Australian Olympian attacked by media for not being ‘fit’ enough
For the next two weeks, viewers around the world will watch as some of the most fit athletes from across the globe compete in the Summer Olympics. Apparently for some countries, however, an Olympic-worthy body may not be good enough.
An Australian newspaper found itself as the target of heavy criticism after it published an article questioning the fitness level of swimmer and eight-time Olympic medalist Leisel Jones. This summer, the 26-year-old will swim in her fourth Olympics, marking the first time an Australian swimmer has ever competed in four separate Olympics.
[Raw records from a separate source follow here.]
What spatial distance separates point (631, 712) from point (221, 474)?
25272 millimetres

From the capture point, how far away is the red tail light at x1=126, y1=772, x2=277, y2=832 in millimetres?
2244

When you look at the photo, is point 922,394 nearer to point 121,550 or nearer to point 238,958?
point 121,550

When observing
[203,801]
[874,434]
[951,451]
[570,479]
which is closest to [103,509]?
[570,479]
But the accomplishment was not enough for Melbourne’s Herald Sun, which ran an article accompanied by photos claiming Jones did not fit into her swimsuit as well as she did four years ago when she won gold in the 100-meter breaststroke. The paper also reportedly posted a poll on its website asking readers if they thought Jones was fit enough to compete. The poll and original article are no longer on the Herald Sun’s website.
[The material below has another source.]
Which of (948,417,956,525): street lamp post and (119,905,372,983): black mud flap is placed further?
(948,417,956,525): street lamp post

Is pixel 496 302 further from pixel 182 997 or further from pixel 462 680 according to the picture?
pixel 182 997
The article was revised to include comments from other Australian Olympians defending Jones, but still ran a paragraph questioning Jones’ weight.
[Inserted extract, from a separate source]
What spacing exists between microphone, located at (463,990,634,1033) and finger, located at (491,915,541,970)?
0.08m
“But it was [Jones’s] appearance that had tongues wagging as much as her bid for history. As these pictures show, she resembles none of her previous incarnations and appears heavier than at previous meets,” the article said.
Australian Olympic team chief Nick Green was critical of the newspaper’s decision to criticize Jones’s weight in its pages.
“I think she deserves a lot more respect than she was given,”Green said at a Thursday press conference. “I think they are disgraceful to be honest… extremely unfair…Athletes come in different shapes and sizes.”
Three-time Australian Olympic medalist and retired swimmer Alice Tait also chimed in on the Jones debate, tweeting, “The questioning over Leisel Jones fitness due to an unflattering photo is exactly what many girls have body image issues! Make me so angry!
“Leisel is a beautiful girl at her 4th Olympic games, she shouldnt have to deal with this nonsense so close to competing.”
Not all Australians defended Jones. Tory Maguire, a writer for the Australian website, The Punch, suggested that the controversy was not a matter of attacking someone for her body image. Instead, Maguire suggested that because Jones is an Olympian, her body figure should be open for public debate.
“Invoking the “body image” debate in this case is a bit of a stretch,” Maguire wrote. “Jones has not been papped on a beach while on holidays looking a bit comfortable around the middle. She has been selected to represent Australia at the absolute peak of competition. … Leisel Jones is a champion. Making her fourth Olympics is a spectacular achievement. She is a role model. But we’re not blind. Discussion of her condition is legitimate, not an attack on the sisterhood.”